I have a site hosted on my local machine that I am attempting to crawl with Nutch and index in Solr (both also on my local machine). I installed Solr 4.6.1 and Nutch 1.7 per the instructions given on the Nutch site (http://wiki.apache.org/nutch/NutchTutorial), and I have Solr running in my browser without issue.

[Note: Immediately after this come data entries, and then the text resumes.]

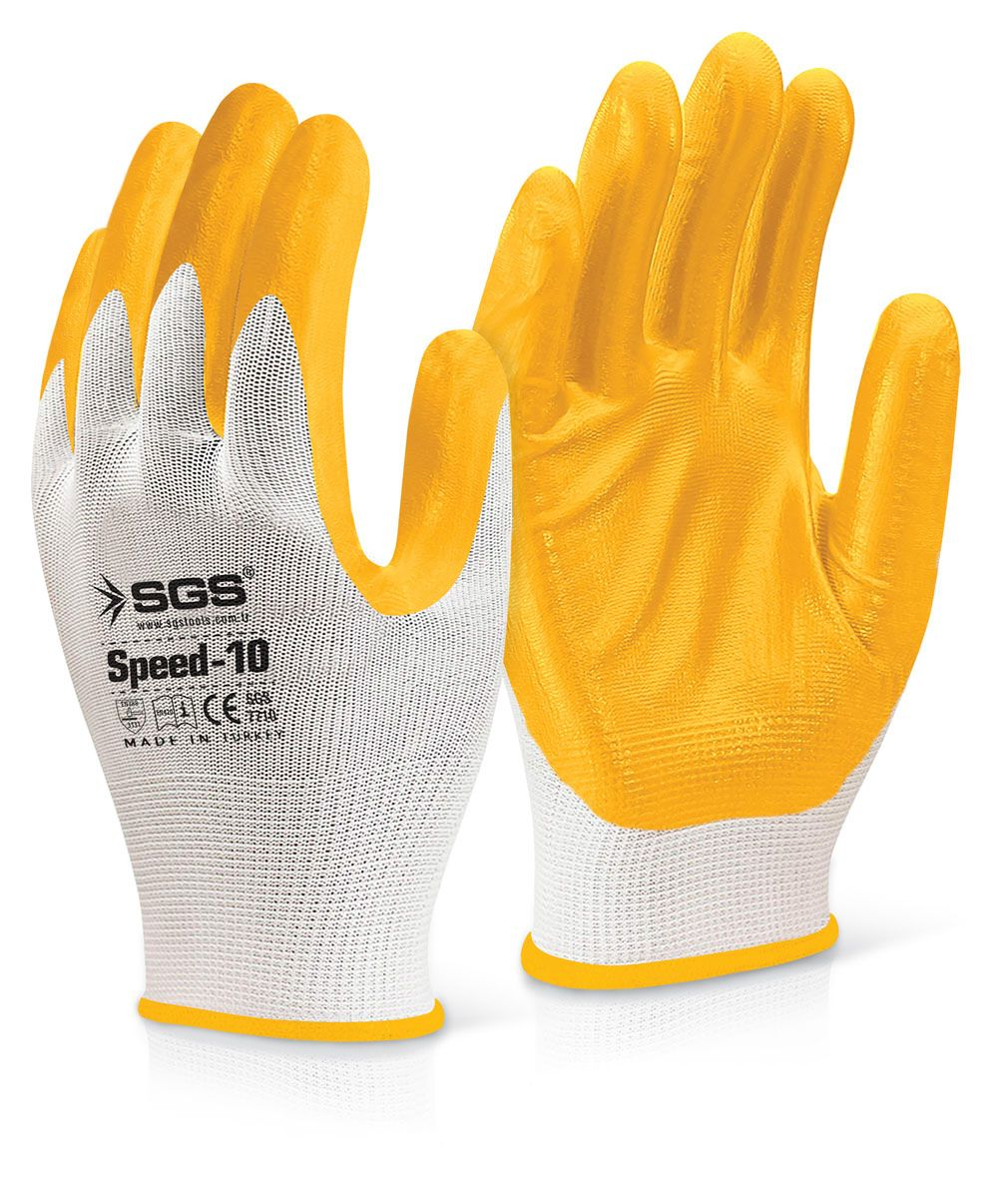 Sarı ve beyaz SGS Speed-10 iş eldiveni çifti, Türkiye'de üretilmiştir.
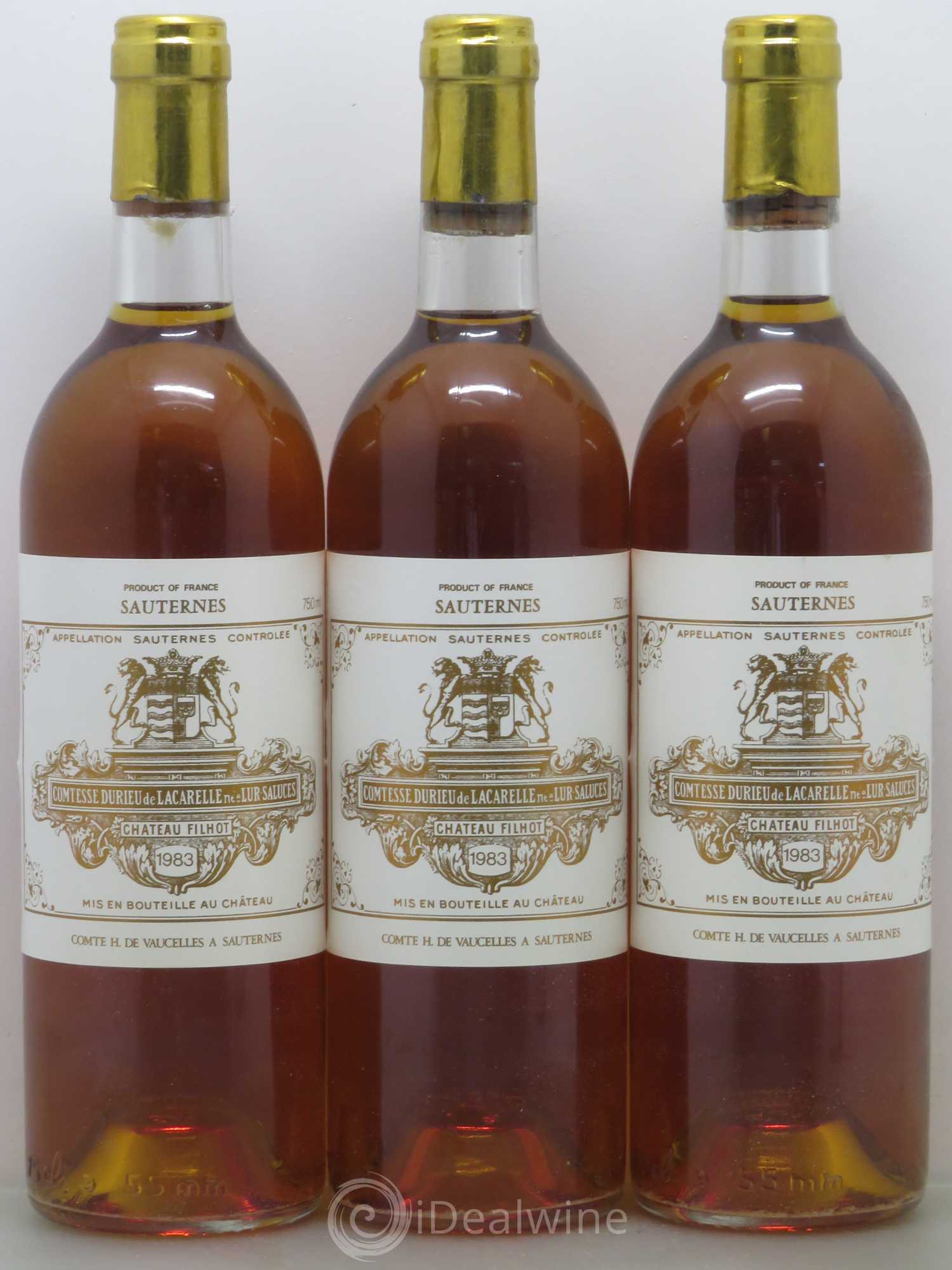 Château Filhot 2ème Grand Cru Classé 1983 - Lotto di 6 bottiglie - 2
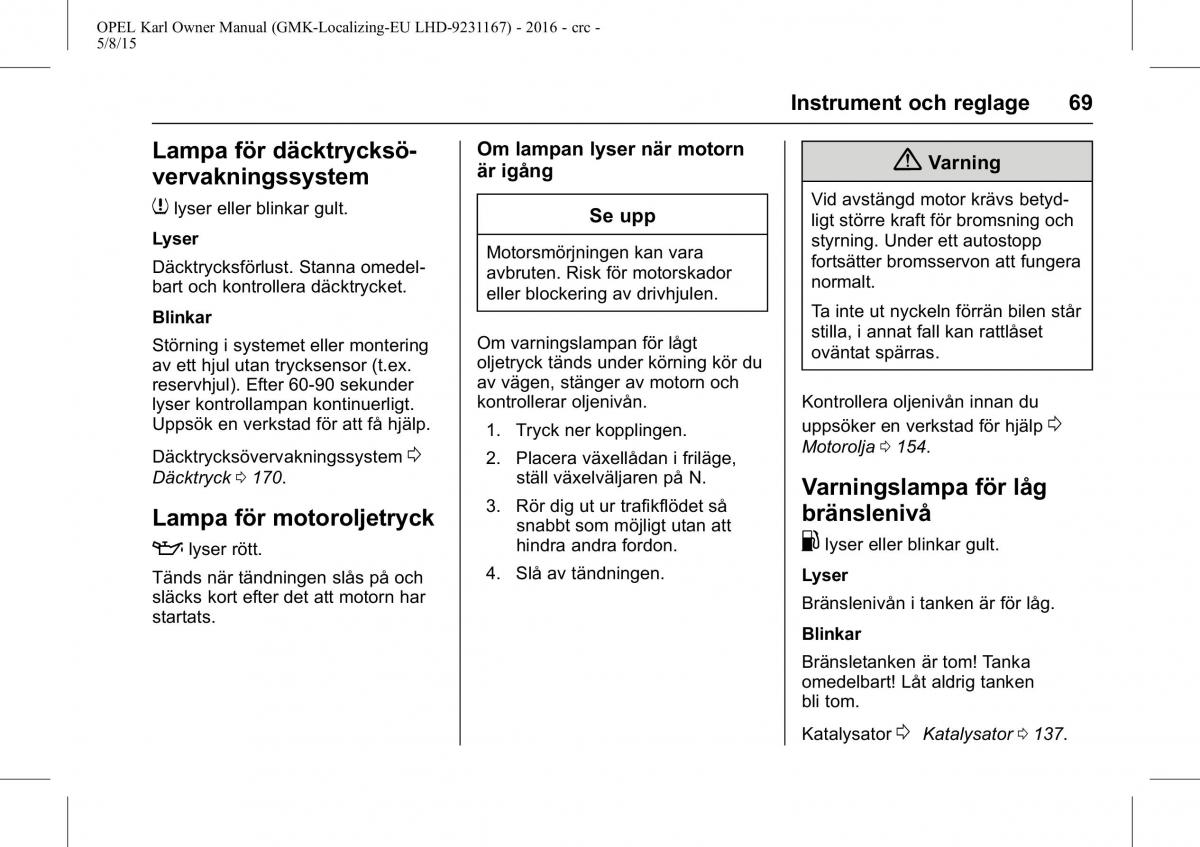 Opel Karl instruktionsbok / page 70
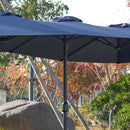 14.8 Ft Double Sided Outdoor Umbrella Rectangular Large with Crank (Navy Blue)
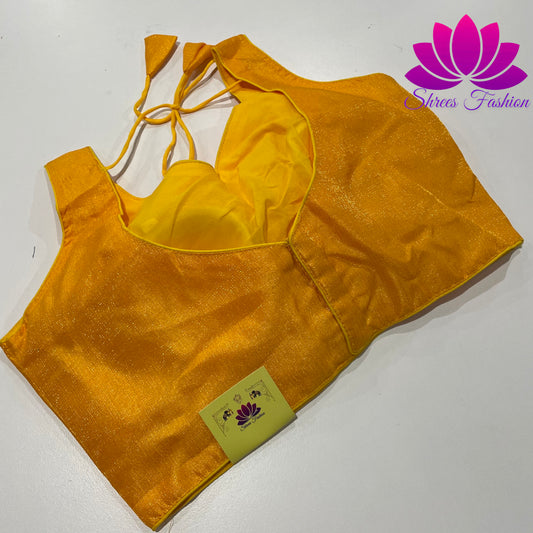 "Sunlit Splendor: Instant Yellow Raw Silk Blouse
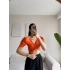 Vintage Karpuz Kol Crop - TURUNCU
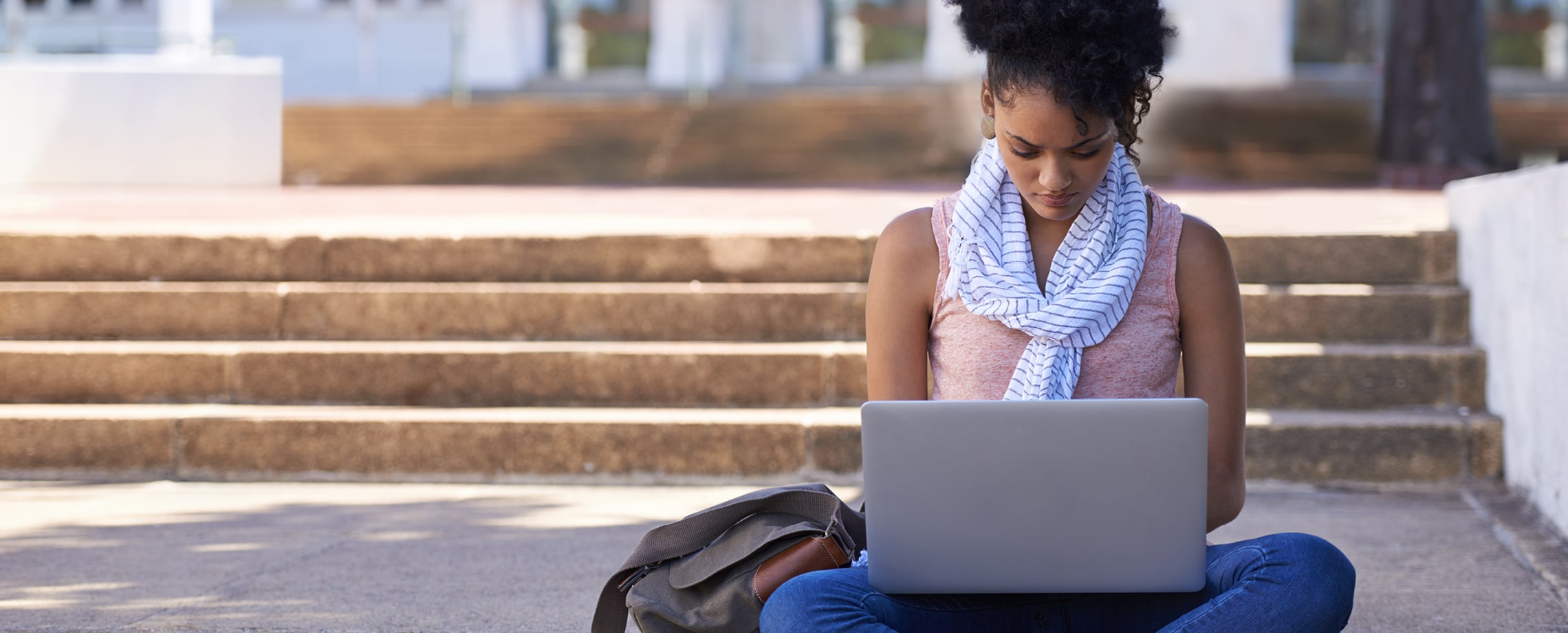 college student on laptop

I am running the following command:

bin/nutch crawl urls -solr http://localhost:8983/solr/ -depth 1 -topN 2

The crawl is working fine, but when it attemps to put the data into Solr, it fails with the following output:

Indexer: starting at 2014-02-06 16:29:28
Indexer: deleting gone documents: false
Indexer: URL filtering: false
Indexer: URL normalizing: false
Active IndexWriters :
SOLRIndexWriter
    solr.server.url : URL of the SOLR instance (mandatory)
    solr.commit.size : buffer size when sending to SOLR (default 1000)
    solr.mapping.file : name of the mapping file for fields (default solrindex-mapping.xml)
    solr.auth : use authentication (default false)
    solr.auth.username : use authentication (default false)
    solr.auth : username for authentication
    solr.auth.password : password for authentication


Exception in thread "main" java.io.IOException: Job failed!
    at org.apache.hadoop.mapred.JobClient.runJob(JobClient.java:1357)
    at org.apache.nutch.indexer.IndexingJob.index(IndexingJob.java:123)
    at org.apache.nutch.indexer.IndexingJob.index(IndexingJob.java:81)
    at org.apache.nutch.indexer.IndexingJob.index(IndexingJob.java:65)
    at org.apache.nutch.crawl.Crawl.run(Crawl.java:155)
    at org.apache.hadoop.util.ToolRunner.run(ToolRunner.java:65)
    at org.apache.nutch.crawl.Crawl.main(Crawl.java:55)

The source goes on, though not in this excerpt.